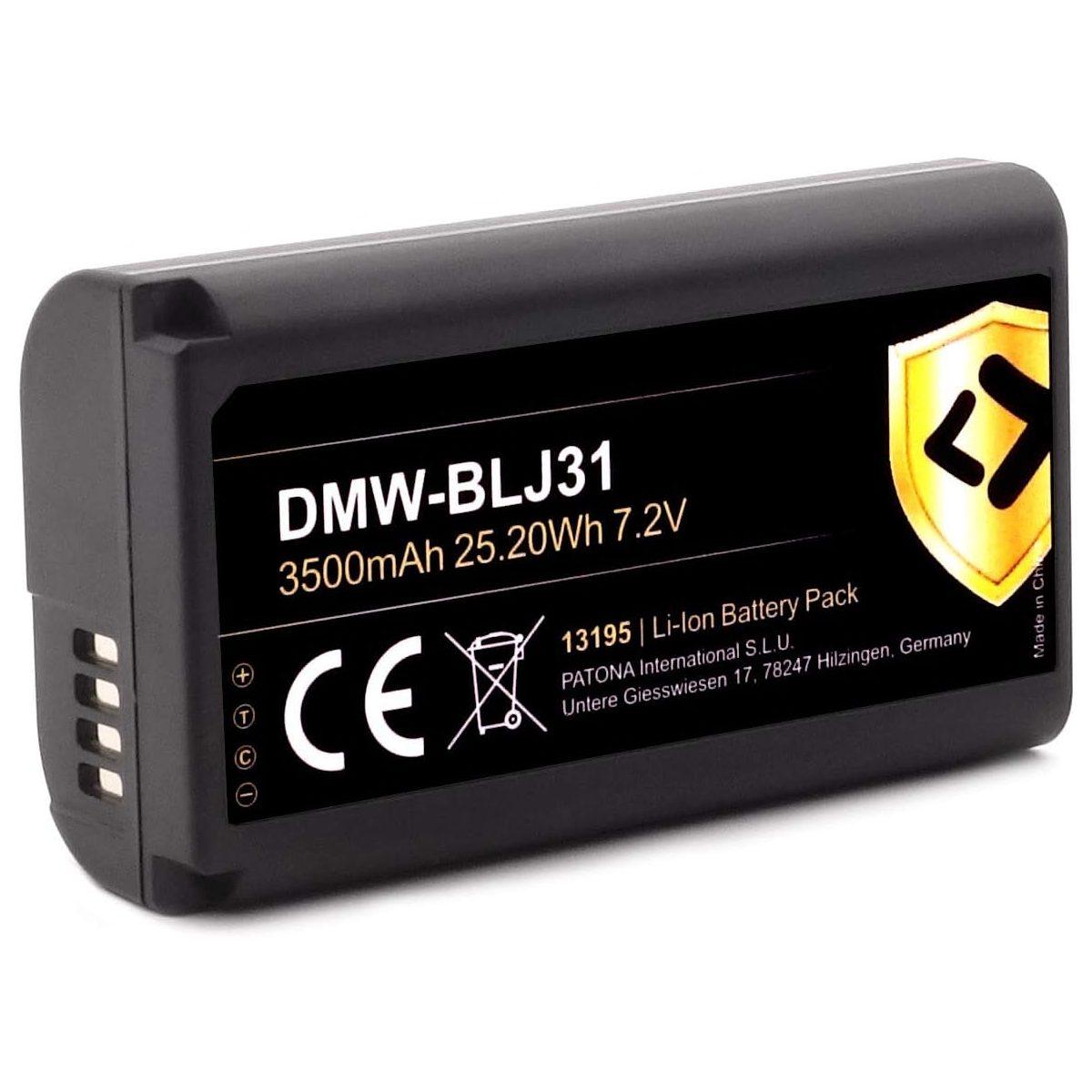 Patona protect battery panasonic dmw-blj31 lumix dc-s1 dc-s1r dc-s1h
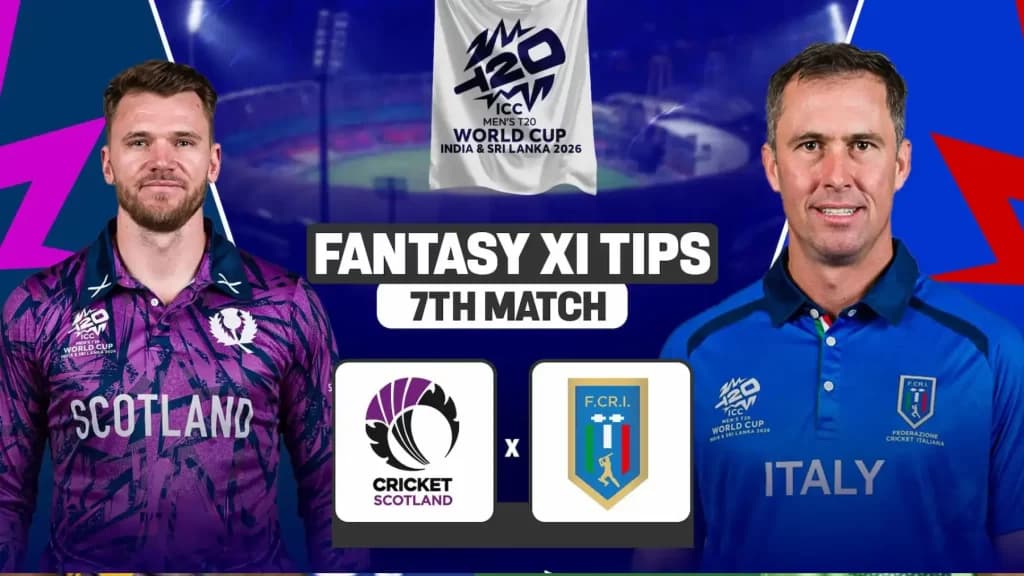 SCO vs ITA Match Prediction, 7th Match, Group C – Who Will Win? Top Batter and Top Bowler Picks | T20 World Cup 2026
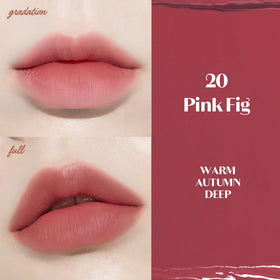 ETUDE Fixing Tint Pink Fig applicator applies color smoothly.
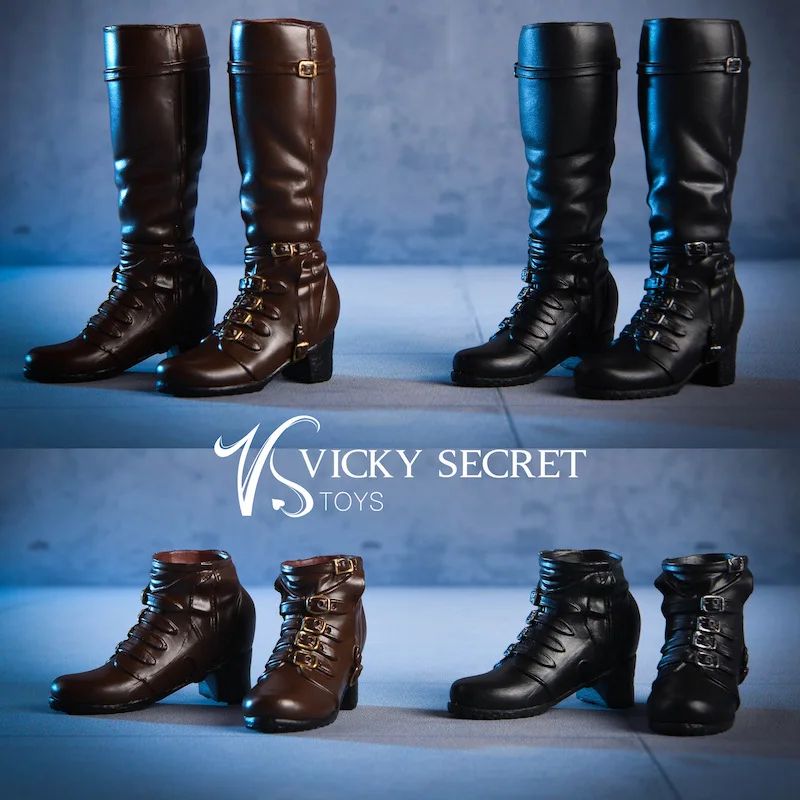 

vstoys 18X02 1/6 Female Combat Boots Dual-purpose Long/Short Boots Solid Shoes Model Fit 12'' PH TBL Action Figure Body Dolls
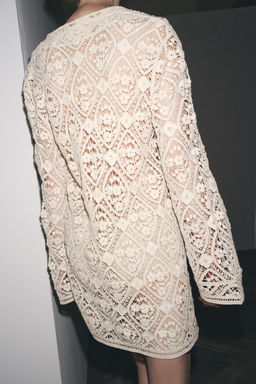 ZW COLLECTION CROCHET MINI DRESS - Zara фото 3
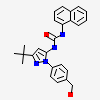 1-{3-tert-butyl-1-[4-(hydroxymethyl)phenyl]-1H-pyrazol-5-yl}-3-naphthalen-1-ylurea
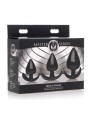 Triple Spades Driedelige Buttplug Set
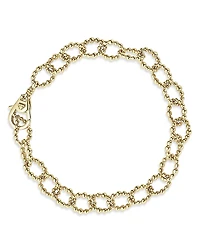 Lagos 18K Yellow Gold Caviar Gold Collection Fluted Link Bracelet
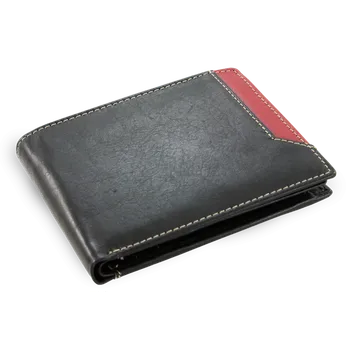 Peněženka Arwel Pánská kožená peněženka 9 - česká výroba; černá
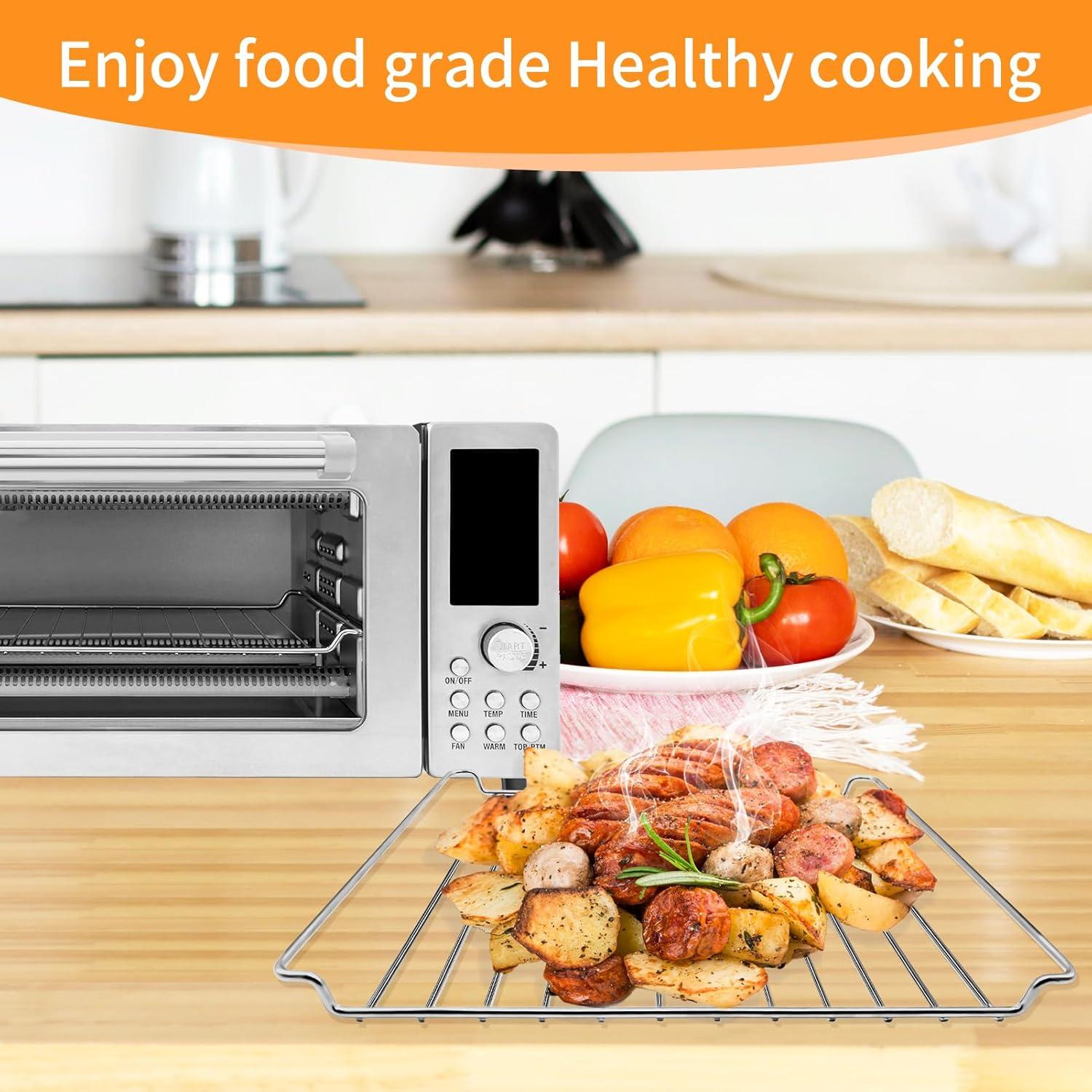 Rejilla de Horno de Aire GWY Acero Inoxidable 33x27 cm - 2 Piezas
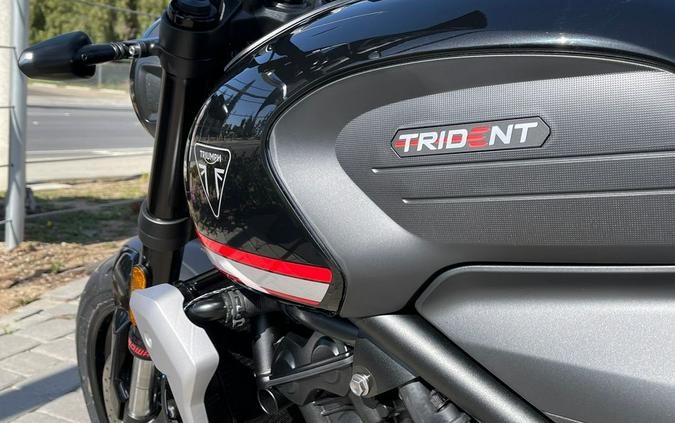 2023 Triumph Trident 660 Sapphire Black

***

# WORK ITEM:
Beginning at the line with "Lagos 18K Yellow" and ending at the last line of the listing above, retype each line exactly, including those two lines. Leave the pictures out.

# OUTPUT BELOW:
 Lagos 18K Yellow Gold Caviar Gold Collection Fluted Link Bracelet
 Peněženka Arwel Pánská kožená peněženka 9 - česká výroba; černá
 Rejilla de Horno de Aire GWY Acero Inoxidable 33x27 cm - 2 Piezas
 2023 Triumph Trident 660 Sapphire Black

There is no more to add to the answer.